Liberal arts colleges are often characterized by their cluster of unique, different, and uhh quirky characters! While most people can only tolerate one liberal arts institution at a time, the Claremont consortium generously pushes everyone to their limit.
Despite the vast number of people (<5000), it is common courtesy among students to memorize the names of philosophers and “follow” their teachings based on which TikTok aesthetic board they related to the most, or which name feels nicest in their mouth.
Students across campus share their participation in this tradition and their own personal belief systems. “No, yeah – I mean I’m personally in my Albert Camus era um… He definitely has a dark academia vibe and I’m down with the absurdist tradition he talks about. I’m a performance artist so i get it”, says a Pitzer sociology major.
A Pomona philosophy major exclaims, “the panoptic gaze is something that I constantly think about – I mean I cannot believe there are people out there who don’t know about Foucault and his academic rebellion.”
These young academics are part of a large majority of students that work to ALWAYS meet some arbitrary word count in conversations and use a new big word every day!

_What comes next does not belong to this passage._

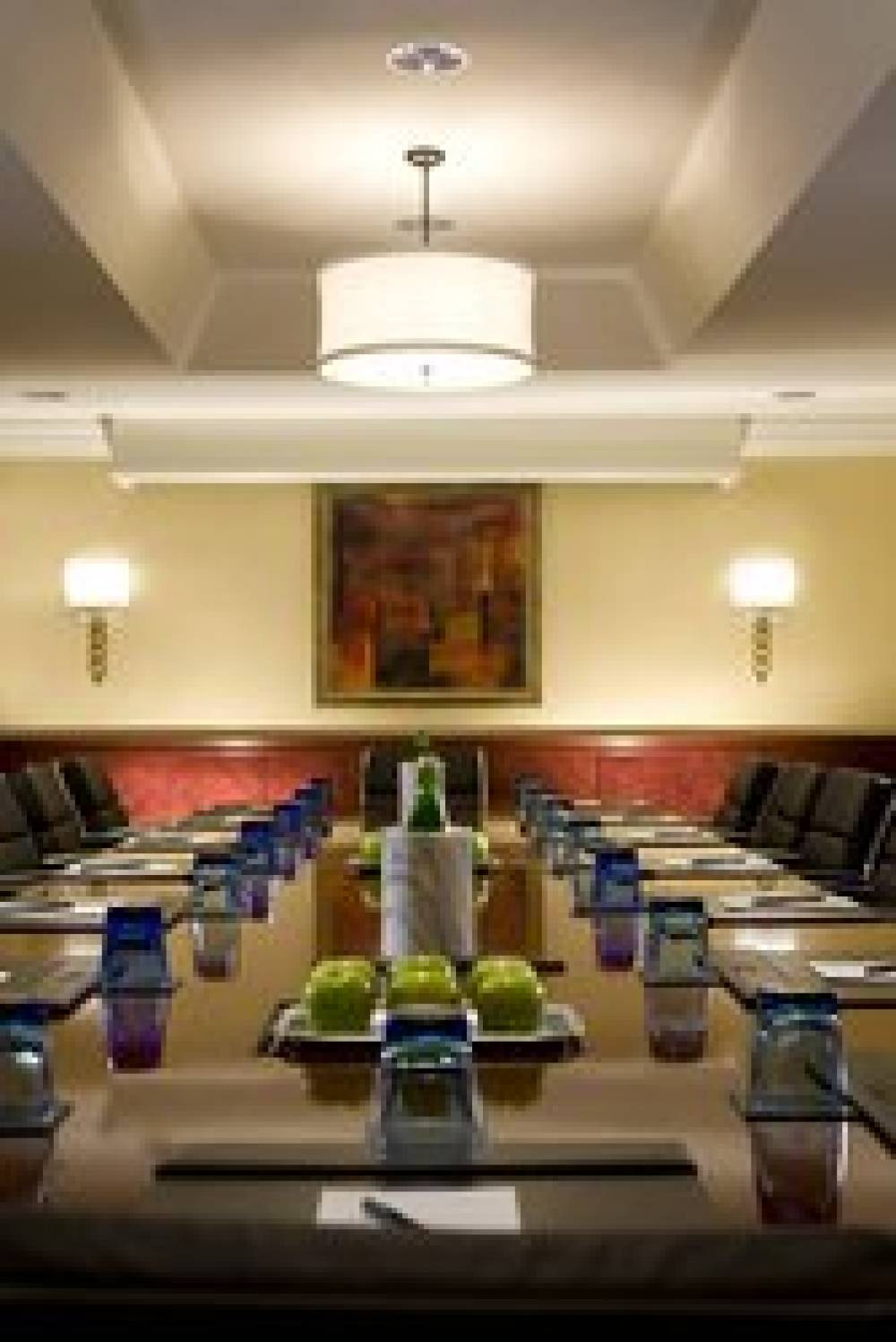 Washington Dulles Airport Marriott 8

While most people call this pretentious, students have self-identified this environment as being innovative and academically enriching and not like those big sports schools where they have fun games and real parties.
Like most of those kids probably don’t even know about Kafka and Virginia Woolf. They probably don’t even understand American Psycho and Pulp Fiction and that Tame Impala is just ONE GUY.
While previously this fruitful practice was not questioned, professors are now calling for a change. As a prerequisite to entering a humanities class, students now must name at least 5 works by philosophers whose names they drop.
A Scripps professor says, “If I walk into class and hear some twerp talking about how ‘kafkaesque’ some line in the history reading is – I’m going to lose it. These students need to understand that a 10:1 student to faculty ratio does not mean that I have to like you or think you are smart.”
A Pomona professor adds on, “being fruity does not mean that you are now Hegel coded – blah blah dialectics, I’m pretty sure half of those philosophers were homophobic”.